A point about the Rod vs. Caleb thing about whether we’re obligated to live close to family: The “rootedness” of the past that traditionalists yearn for was mostly involuntary. People stayed close to family, stayed married, etc., mostly because they had no other choice. Now, we’re called to do these things because we want to.

The rootedness of the past was based on a combination of social coercion, limited choices, and psychological/cultural dependency. (About the latter, the Amish, in their wisdom, allow their children to run wild for a few years in their late teens, a rite called Rumspringa, before giving them the choice to re-commit to the community.

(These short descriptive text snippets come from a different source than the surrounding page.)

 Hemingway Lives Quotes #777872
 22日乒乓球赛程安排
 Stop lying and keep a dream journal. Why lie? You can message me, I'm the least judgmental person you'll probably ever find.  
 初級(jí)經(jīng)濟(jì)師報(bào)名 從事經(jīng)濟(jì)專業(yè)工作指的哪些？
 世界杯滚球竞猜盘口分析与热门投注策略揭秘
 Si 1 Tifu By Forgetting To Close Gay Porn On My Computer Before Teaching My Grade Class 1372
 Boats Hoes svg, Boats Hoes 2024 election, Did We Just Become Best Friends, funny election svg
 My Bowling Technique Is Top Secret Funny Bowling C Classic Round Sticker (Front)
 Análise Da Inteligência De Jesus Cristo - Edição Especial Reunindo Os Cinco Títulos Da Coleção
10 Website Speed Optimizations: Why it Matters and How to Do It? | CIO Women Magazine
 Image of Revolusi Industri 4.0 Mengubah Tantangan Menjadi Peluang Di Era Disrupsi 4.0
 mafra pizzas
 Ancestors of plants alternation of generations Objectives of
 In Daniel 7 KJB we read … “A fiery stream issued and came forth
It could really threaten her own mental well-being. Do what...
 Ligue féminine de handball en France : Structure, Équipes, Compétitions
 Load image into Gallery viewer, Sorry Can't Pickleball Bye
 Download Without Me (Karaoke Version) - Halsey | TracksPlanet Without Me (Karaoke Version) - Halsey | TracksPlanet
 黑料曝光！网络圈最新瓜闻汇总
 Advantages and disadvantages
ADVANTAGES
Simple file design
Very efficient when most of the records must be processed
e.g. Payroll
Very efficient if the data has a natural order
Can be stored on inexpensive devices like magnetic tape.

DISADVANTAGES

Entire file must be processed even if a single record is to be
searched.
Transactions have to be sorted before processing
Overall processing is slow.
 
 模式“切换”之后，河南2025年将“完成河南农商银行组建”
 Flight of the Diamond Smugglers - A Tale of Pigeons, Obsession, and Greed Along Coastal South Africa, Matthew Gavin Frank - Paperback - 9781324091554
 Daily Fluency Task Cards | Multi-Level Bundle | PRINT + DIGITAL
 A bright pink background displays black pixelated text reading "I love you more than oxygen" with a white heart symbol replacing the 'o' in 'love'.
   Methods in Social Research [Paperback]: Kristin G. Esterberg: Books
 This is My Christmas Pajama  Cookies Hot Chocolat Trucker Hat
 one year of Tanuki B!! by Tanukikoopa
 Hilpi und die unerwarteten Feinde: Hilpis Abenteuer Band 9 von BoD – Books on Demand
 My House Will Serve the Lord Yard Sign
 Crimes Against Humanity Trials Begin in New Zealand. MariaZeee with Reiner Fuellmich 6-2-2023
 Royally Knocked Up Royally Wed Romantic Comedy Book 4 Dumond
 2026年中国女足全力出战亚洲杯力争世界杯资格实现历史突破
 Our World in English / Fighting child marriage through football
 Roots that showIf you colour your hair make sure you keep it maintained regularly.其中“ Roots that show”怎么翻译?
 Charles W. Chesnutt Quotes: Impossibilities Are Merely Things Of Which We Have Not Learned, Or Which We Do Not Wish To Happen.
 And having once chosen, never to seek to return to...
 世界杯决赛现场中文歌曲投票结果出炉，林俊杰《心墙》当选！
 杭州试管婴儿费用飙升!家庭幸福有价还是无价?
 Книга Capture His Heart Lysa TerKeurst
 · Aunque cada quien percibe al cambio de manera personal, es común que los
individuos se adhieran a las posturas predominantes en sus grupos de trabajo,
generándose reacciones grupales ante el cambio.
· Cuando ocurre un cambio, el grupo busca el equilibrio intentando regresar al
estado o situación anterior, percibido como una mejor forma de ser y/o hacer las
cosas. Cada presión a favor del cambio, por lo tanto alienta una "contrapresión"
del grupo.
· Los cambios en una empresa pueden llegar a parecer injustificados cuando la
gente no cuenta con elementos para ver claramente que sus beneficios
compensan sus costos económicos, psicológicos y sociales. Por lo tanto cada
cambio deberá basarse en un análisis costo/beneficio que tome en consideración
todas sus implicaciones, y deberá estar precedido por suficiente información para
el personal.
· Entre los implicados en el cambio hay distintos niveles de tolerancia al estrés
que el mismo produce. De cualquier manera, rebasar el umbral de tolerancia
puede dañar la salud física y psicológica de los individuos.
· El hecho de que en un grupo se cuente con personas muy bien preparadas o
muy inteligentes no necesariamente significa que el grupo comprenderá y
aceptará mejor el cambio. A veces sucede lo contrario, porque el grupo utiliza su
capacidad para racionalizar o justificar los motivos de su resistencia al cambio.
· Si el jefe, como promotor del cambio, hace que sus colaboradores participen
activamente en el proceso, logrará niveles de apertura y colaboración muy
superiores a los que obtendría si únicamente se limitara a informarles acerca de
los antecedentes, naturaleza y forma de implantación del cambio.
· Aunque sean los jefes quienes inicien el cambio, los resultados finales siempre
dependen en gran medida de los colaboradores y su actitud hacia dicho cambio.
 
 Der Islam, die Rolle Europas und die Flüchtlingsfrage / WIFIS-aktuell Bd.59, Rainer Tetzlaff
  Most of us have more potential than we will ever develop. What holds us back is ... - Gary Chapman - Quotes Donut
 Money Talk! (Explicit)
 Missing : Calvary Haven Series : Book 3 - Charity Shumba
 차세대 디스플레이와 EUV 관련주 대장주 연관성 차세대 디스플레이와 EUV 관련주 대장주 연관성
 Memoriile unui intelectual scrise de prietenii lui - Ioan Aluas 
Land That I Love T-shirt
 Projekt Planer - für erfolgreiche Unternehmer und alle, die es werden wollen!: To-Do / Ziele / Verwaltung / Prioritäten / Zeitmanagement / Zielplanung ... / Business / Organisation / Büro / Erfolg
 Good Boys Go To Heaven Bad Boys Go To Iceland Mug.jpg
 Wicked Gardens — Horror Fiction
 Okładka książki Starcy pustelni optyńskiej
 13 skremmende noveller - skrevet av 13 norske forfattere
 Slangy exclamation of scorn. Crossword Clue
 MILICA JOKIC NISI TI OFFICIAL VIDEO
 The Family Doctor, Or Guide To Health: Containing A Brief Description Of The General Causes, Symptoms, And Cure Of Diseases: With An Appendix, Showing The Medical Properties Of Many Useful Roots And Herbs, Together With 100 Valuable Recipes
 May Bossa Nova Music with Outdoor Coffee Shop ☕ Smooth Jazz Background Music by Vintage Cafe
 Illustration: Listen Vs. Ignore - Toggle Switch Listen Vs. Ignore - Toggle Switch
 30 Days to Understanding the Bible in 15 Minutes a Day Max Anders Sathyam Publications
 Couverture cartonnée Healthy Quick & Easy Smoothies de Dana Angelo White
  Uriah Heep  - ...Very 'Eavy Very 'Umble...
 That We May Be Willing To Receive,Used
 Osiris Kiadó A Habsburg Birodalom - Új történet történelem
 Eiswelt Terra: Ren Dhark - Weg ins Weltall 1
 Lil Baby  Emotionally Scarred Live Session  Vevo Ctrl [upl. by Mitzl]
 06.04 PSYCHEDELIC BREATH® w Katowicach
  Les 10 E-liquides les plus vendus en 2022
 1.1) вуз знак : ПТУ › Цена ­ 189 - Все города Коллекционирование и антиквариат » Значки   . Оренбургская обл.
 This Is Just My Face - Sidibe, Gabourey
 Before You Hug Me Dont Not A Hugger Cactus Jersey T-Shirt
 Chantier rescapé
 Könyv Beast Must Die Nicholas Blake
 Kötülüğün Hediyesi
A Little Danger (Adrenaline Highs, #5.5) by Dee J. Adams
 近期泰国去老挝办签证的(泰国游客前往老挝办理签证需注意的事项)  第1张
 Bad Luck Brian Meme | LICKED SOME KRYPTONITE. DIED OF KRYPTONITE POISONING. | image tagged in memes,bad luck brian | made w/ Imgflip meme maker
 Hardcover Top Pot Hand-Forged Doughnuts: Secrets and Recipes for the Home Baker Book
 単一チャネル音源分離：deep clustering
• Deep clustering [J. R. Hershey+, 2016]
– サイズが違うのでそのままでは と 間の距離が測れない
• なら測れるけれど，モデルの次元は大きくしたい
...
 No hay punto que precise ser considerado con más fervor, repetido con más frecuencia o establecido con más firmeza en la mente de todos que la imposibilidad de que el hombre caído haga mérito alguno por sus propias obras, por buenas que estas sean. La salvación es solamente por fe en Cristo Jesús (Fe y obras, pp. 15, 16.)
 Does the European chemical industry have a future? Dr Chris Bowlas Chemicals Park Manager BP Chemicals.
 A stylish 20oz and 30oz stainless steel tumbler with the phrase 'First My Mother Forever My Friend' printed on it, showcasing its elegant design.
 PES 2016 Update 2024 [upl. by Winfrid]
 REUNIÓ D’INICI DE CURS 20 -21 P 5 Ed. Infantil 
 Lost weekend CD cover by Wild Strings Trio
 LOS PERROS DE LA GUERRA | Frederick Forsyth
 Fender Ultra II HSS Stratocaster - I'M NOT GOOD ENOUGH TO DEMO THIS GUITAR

Do the vast majority re-commit because of free choice, or because of fear of the unknown? I don’t know).

I’m not saying those cultures were bad, of course. As a Crunchy Con, I’d say they were generally better. However, we can’t go home again. Karl Marx was right — the material basis of society goes a long way towards dictating culture. Thanks mostly to capitalism and prosperity (and probably liberal democracy), freedom is a fact of life, and as Francis Fukayama has said, it will continue its march across the globe, despite periodic setbacks caused by backlashes like the current Islamic reaction.

Now and in the future social bonds will be voluntary. Cultural renewal is about adjusting to this reality, primarily by making “sacrifice, self-discipline, putting others before oneself” attractive. That sounds superficial, but it’s not. I can only speak as a Christian, but that’s what the Church, in the ecumenical sense (and the creative communities within the Church) is about — attracting the world into a communal life where we freely choose to lay down our lives for others, where people not only do what they ought to do, but love to do what they ought to do. That’s what the real meaning of “proposing, not imposing” means. Anything else is just moralism, and too often, results in hypocrisy. Let’s face it, we all do what makes us happy.

And as Dostoevsky said, “love in practice is harsh and dreadful compared to love in dreams.”

As a Christian, I believe only the love of God can get me to freely choose to lay down my life for another, or love my enemy. In the end, cultural renewal that doesn’t take into account the new role of freedom is just sentimental. This explains Pope John Paul II’s (and now Pope Benedict XVI’s) relentless emphasis on both faith AND freedom, and why in the end conservative cultural renewal must not fear freedom, but embrace it.